Die Berliner Koalitionspartner von Union und FDP haben ihren Steuerkompromiss gefunden - nun müssen sie den Rest des Landes davon überzeugen.

Viele Bürger hatten sich zuletzt skeptisch gezeigt, auch in den Ländern gab es Widerstand gegen Steuersenkungen.

Die Spitzengremien der Bundesparteien werden in ihren Sitzungen heute den Steuerkompromiss der Regierungskoalition unter die Lupe nehmen. CDU, CSU und FDP hatten am Sonntagabend nach zähem Ringen ein Gesamtpaket für mehr Wachstum und eine Steuerentlastung von sechs Milliarden Euro beschlossen. Sie sind bei der Umsetzung aber auf die Unterstützung der Länder angewiesen

Mehrere CDU-Ministerpräsidenten hatten im Vorfeld Widerstand gegen Steuersenkungen angekündigt. Die SPD drohte mit einem Gang zum Verfassungsgericht. Die Schuldenbremse sehe vor, dass konjunkturell bedingte Steuermehreinnahmen zur Reduzierung des Staatsdefizits verwendet werden müssten, argumentierte Parteichef Sigmar Gabriel in der "Bild am Sonntag".

Nach den Beschlüssen der schwarz-gelben Koalition sollen Steuerfreibeträge in zwei Stufen angehoben werden, um gezielt Arbeitnehmern mit geringem Einkommen finanziell mehr Luft zu verschaffen. Ab 2013 soll der steuerliche Grundfreibetrag (Existenzminimum) angehoben werden - das müsste die Regierung aber ohnehin bis 2014 tun. Dies kostet Bund und Länder jeweils zwei Milliarden Euro.

Bei der Abmilderung der "kalten Progression" - Lohnerhöhungen werden bei starker Inflation vom Fiskus größtenteils wieder aufgefressen - will der Bund 2,2 Milliarden Euro alleine tragen. Hier ist offen, ob die Länder im Bundesrat mitziehen werden.

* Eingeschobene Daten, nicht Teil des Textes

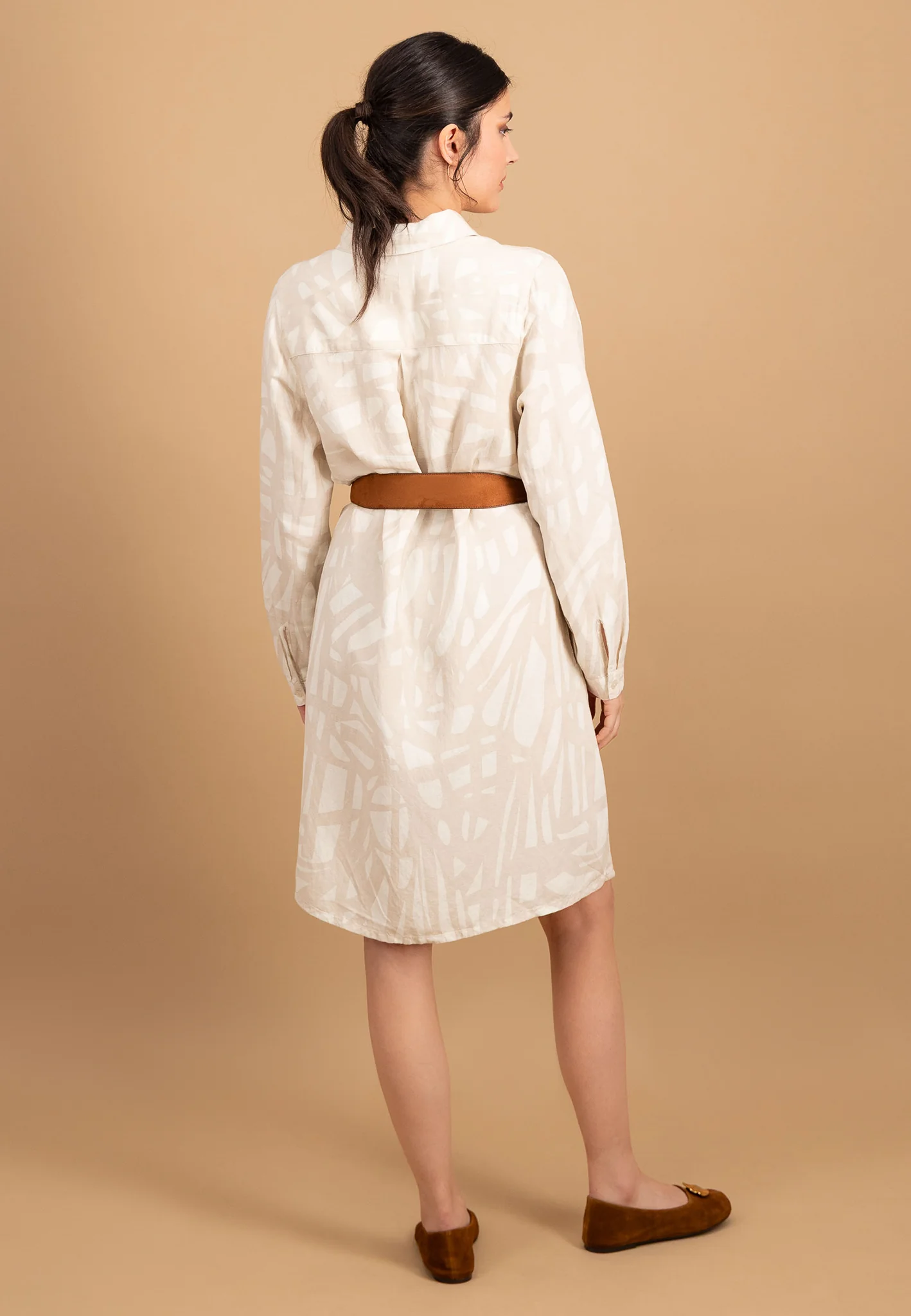 Midikleid aus Leinen-Viskose-Mix mit Alloverprint - Image 3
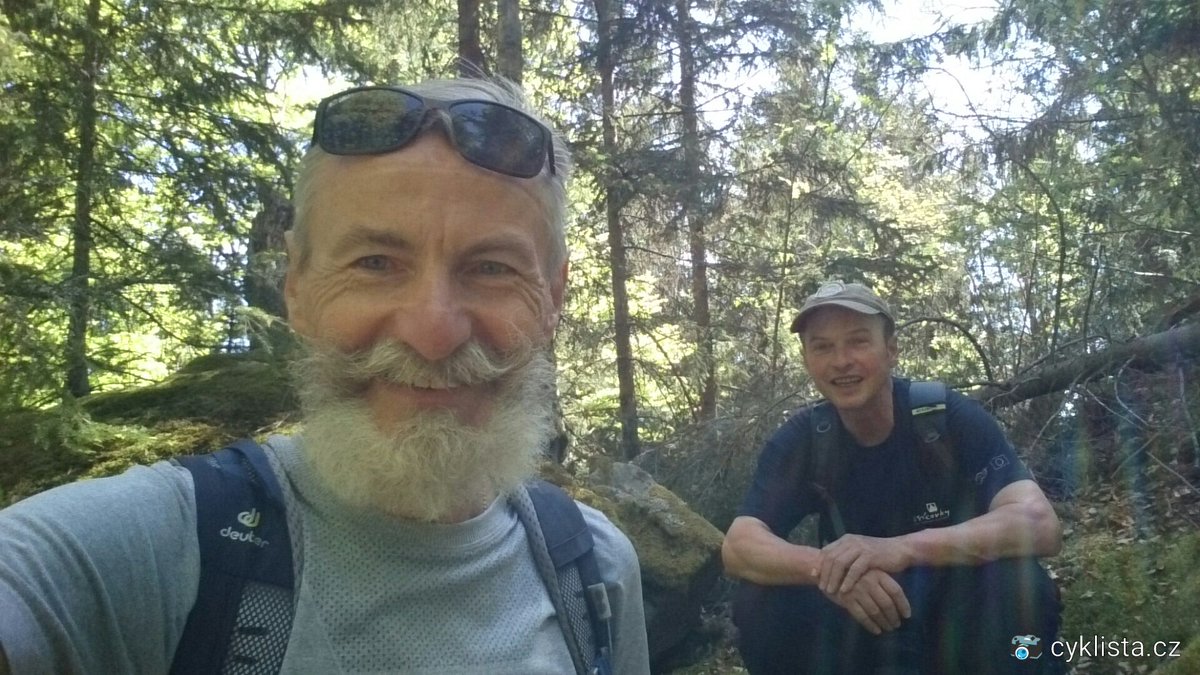 seniortour2000's tweet photo. 298,299..300 #tisicovky ČR má už Ivánek v portfoliu,zbývá jich cca 98.Dnes Zátoňská hora SV vrchol,S vrchol a jubilejní Jedlová.Sice mi ujel vlak a jedu ze Zátoně až teď, ale neva,krásný den,těším se na další lovecké výpravy..#WeLoveSumava #FanoushiToDas 🔺🔺💪😀 https://t.co/l9KRWtiRpK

Der Beitrag zur Pflegeversicherung soll 2013 um 0,1 Prozentpunkte angehoben werden. Dies bringt rund 1,1 Milliarden Euro mehr in die Kasse. Bislang liegt der Beitragssatz bei 1,95 Prozent, für Kinderlose sind es 2,2 Prozent. Bundeskanzlerin Angela Merkel (CDU) betonte, das Geld solle insbesondere für die Versorgung von Demenzkranken verwendet werden. Für die künftige Vorsorge im Pflegefall sollen die Versicherten freiwillig individuell nach dem Modell der Riester-Rente sparen. Die FDP-Forderung nach einer obligatorischen Zusatzversicherung ist damit vom Tisch.

Gegen den Willen der Liberalen drückte die CSU das im Koalitionsvertrag bereits vorgesehene Betreuungsgeld für Eltern durch, die für ihre Kleinkinder keine Krippe in Anspruch nehmen und sie selbst betreuen. Ab 2013 erhalten sie monatlich 100 Euro im zweiten Lebensjahr des Kindes. Ab 2014 gibt es 150 Euro für das zweite und dritte Lebensjahr des Kindes.

Bundesverkehrsminister Peter Ramsauer (CSU) erhält schon im nächsten Jahr eine Milliarde Euro mehr für die Verkehrsinfrastruktur. Bei der Zuwanderung wird die Einkommensgrenze von 66.000 auf 48.000 Euro gesenkt, um mehr ausländische Experten zur Bekämpfung des Fachkräftemangels ins Land zu holen.

Vor dem Hintergrund der Euro-Schuldenkrise und größerer Risiken für das Wachstum betonte Merkel, Deutschland müsse Stabilitätsanker in Europa bleiben. Sie unterstrich, dass die Sanierung der Haushalte Vorrang habe und die Schuldenbremse im Grundgesetz eingehalten werde. Unter dem Strich lasse die Koalition "ein Stück weit mehr Gerechtigkeit walten" - insbesondere bei den Steuern.